How the Indian Realty Market Will Likely Fair in 2015?

Apr 21, 2015 by

As per the Residex Index of the National Housing Bank, the prices of residential properties shot upward in the second half of 2014. In the first half of the year 2014, people saw the weak rupee, the property prices dip, and they also saw high inflation having a negative impact on spending patterns. Needless to say, the year 2015 will be all about recovery.

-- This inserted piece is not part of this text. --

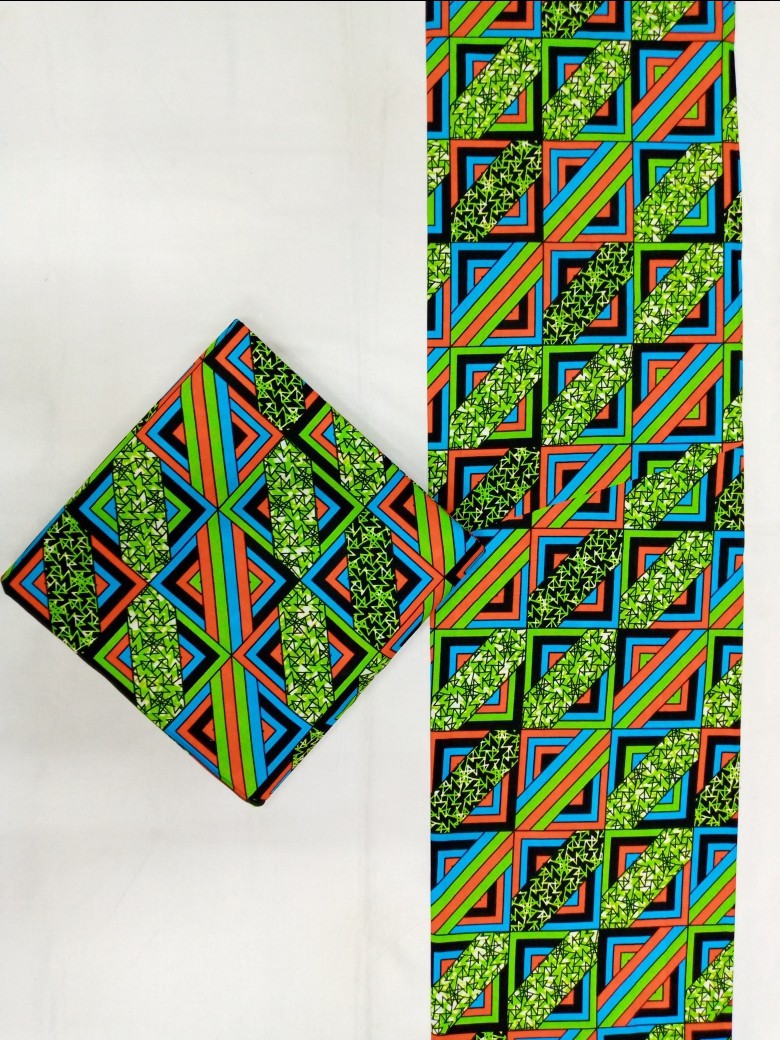 1 Ankara Fabric 6 Yards Fabric Cotton Fabric Kente Fabric African F 1-ankara-fabric-6-yards-fabric-cotton-fabric-kente-fabric-african-f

In order to understand how the Indian realty market will likely fair in the year 2015, you would need to understand the current trends in the realty market. Here are some of them.

REITs have become real

The government of India has decided to notify the regulations for the real estate investment trusts or the REITs. Not only do these trusts provide money to developers, but they also enable simpler exits. The income that is earned by investing in these units is distributed among the holders of the units. Not only will these units ensure regular income to the holders of the units, but they will also protect their rights.

Relaxation of the FDI rule

The minimum floor area required for Foreign Direct Investments in residential projects has been reduced by the government of India. The minimum capital required has also been reduced from $10 million to $5 million. This has resulted in more projects becoming eligible for Foreign Direct Investment. The three year lock in period has also been done away with for Foreign Direct Investment. This has also given a boost to affordable housing in India. High prices of housing used to make it very difficult for people to buy houses. Now, that is not the case. The housing and real estate sector is, therefore, beginning to look up and the current situation of the Indian real estate industry will hopefully have improved by the end of 2015.